Die Federal Communications Commission akzeptierte den Antrag zur Einreichung im Februar und eröffnete ihn für öffentliche Kommentare. Diese Verfahrensentscheidung stellte keine endgültige Genehmigung dar und korrigierte Berichte, dass die FCC die gesamte Konstellation bereits autorisiert habe.

Der angeforderte Umfang ist weitaus größer als die bestehende Satellitenpopulation um die Erde. Es könnten auch Fragen zu orbitaler Überlastung, Kollisionsrisiken, Funkstörungen und Auswirkungen auf astronomische Beobachtungen aufkommen.

SPCX- und NVIDIA-Aktien legen zu

SPCX schloss am Dienstag bei 125,33 $, ein Plus von 10,80 $ oder 9,43 %, nachdem Anleger auf die NVIDIA-Partnerschaft vor dem Gewinnbericht von SpaceX reagiert hatten.

Die Aktie drehte jedoch nach Börsenschluss. SPCX fiel im nachbörslichen Handel um 6,82 % auf 116,78 $, während Anleger die Quartalsergebnisse und KI-Ausgabenpläne des Unternehmens bewerteten.

SPCX-Diagramm zeigt einen Schlusskurs von 9,43 % bei 125,33 $, bevor es nach Börsenschluss um 6,82 % auf 116,78 $ fällt.
Quelle: Yahoo Finance

NVIDIA-Aktien stiegen am Dienstagnachmittag um 3,03 % auf 212,91 $. Diese Bewegung spiegelte die Erwartungen der Anleger wider, dass orbitale Rechenzentren einen weiteren Markt für die KI-Computing-Hardware des Chipherstellers schaffen könnten.

NVIDIA gibt an, dass sein Space-1 Vera Rubin Modul bis zu 25-mal so viel KI-Rechenleistung bieten kann wie eine H100-GPU. Die Plattform ist für weltraumgestützte Inferenz, autonome Operationen und die Echtzeitverarbeitung von Satellitendaten konzipiert.

SpaceX steht vor Kosten- und Umsetzungsfragen

Starmind könnte es SpaceX ermöglichen, seine Startkapazitäten, das Starlink-Kommunikationsnetzwerk und KI-Operationen in einem einzigen Infrastrukturprojekt zu vereinen.
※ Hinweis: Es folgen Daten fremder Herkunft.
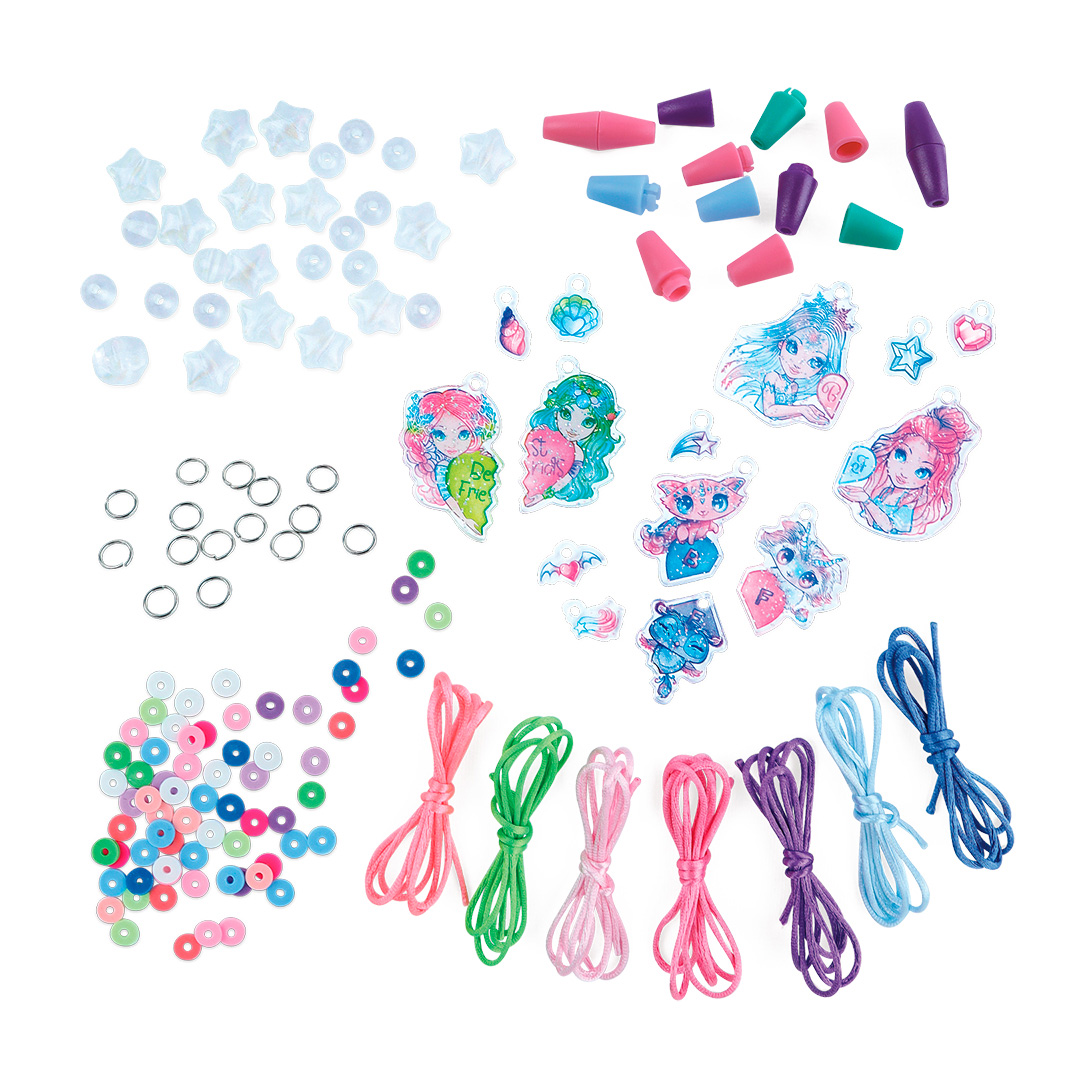Friendship Necklaces – Image 2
Die Bereitstellung orbitaler Rechenzentren würde jedoch große Investitionen in Satelliten, Starts, Stromerzeugung und Wärmemanagement erfordern.

SpaceX muss außerdem nachweisen, dass das System sicher neben bestehenden Raumfahrzeugen betrieben werden kann, bevor es die endgültige FCC-Genehmigung erhält. Selbst wenn es genehmigt wird, würde das Unternehmen das Netzwerk wahrscheinlich in Etappen ausbauen, anstatt die gesamte angeforderte Anzahl zu starten.

Für US-Investoren bietet die NVIDIA-Vereinbarung einen klareren Hardware-Weg für die KI-Strategie von SpaceX. Die nächsten Tests werden der regulatorische Fortschritt, die Kosten für den Aufbau der Konstellation und die Frage sein, ob orbitale Datenverarbeitung genügend Einnahmen generieren kann, um die erforderlichen Ausgaben zu rechtfertigen.